It is hard to find evidence that the euro has generated more economic benefits than economic costs. Some suggest that the euro is forcing governments to behave more responsibly in trimming their budgets.
But the reality is that its creation created “moral hazard” conditions by reducing borrowing constraints on governments that encouraged out-of-control debt formation. As it was, membership in the euro-zone allowed governments overseeing weaker economies to run larger deficits financed with euro-bonds issued at relatively-low interest rates. Greece’s fiscal train wreck shows what happens when credit markets are lulled into underestimating sovereign risk.
Similarly, uniform interest rates across euro-zone countries led to an illusion of uniform risks so that capital was misallocated as seen in now-deflated property bubbles in Spain & Ireland.
Now European politicians want to “throw good money after bad” to bailout Greece & perhaps other southern European governments by trying to spook taxpayers into accepting higher burdens.
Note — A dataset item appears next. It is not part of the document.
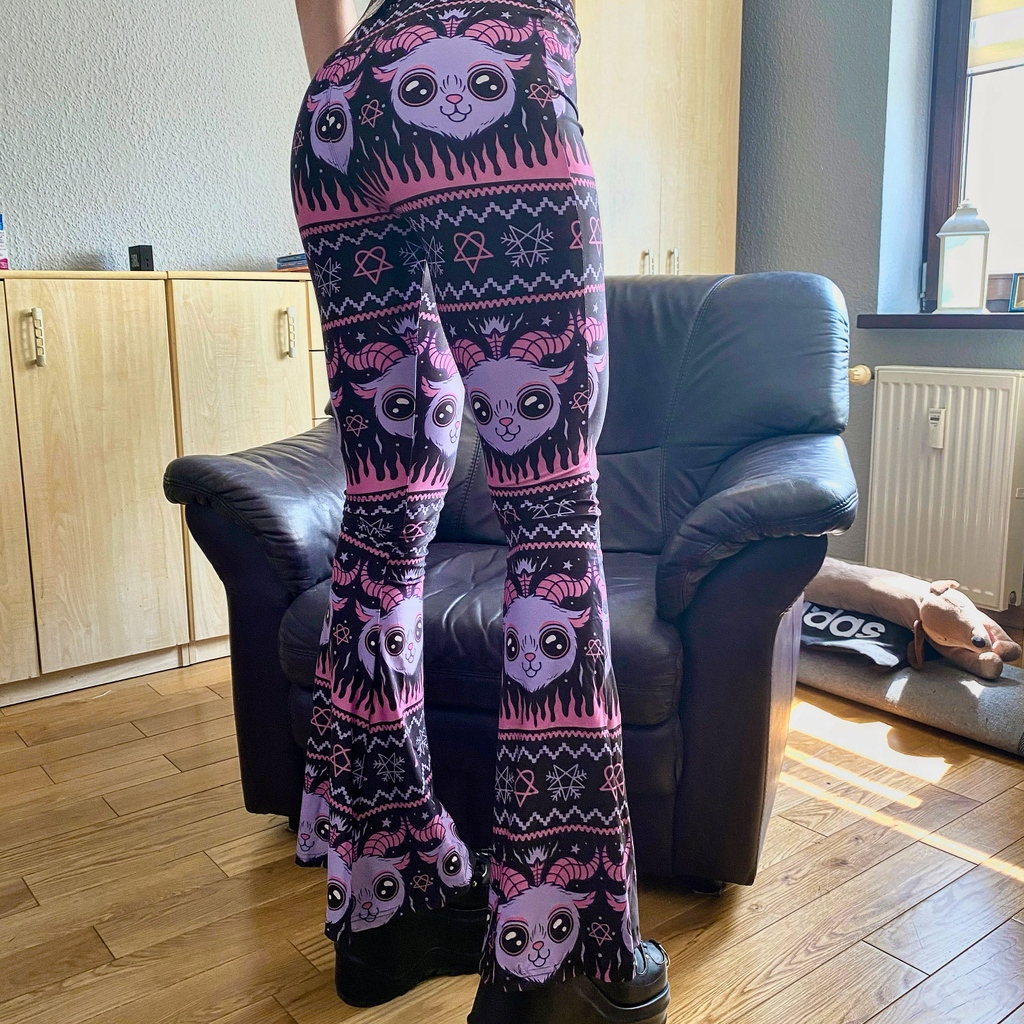 toofastclothing's tweet photo. Our Flares are 40% off RIGHT NOW! Only 24 Hours left!
#bellbottompants #bellbottoms #bellbottomsareback #bellbottomsforever #flarepants #flarepantslovers #hellzbellz #70spants #70sfashion #70sstyle#pastelgoth #pastelgothgirl #pastelgothfashion #pastelgothic #pastelgothaesthetic https://t.co/xBLs7gtXIi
One fear tactic is to suggest that the departure of Greece or Spain from the euro-zone could lead to the disintegration of the European Union. But this ignores the fact that many EU member states do not participate in the currency union (e,g., UK, Sweden, Denmark & Poland).
Another scare tactic is that bailouts are necessary to avert sovereign debt defaults in Southern Europe that would unleash financial chaos & a wave of bank failures. However, the biggest risk is that euro-mess will lead to greater centralization of governmental reach & authority in Brussels with more intervention in the economies of Europe.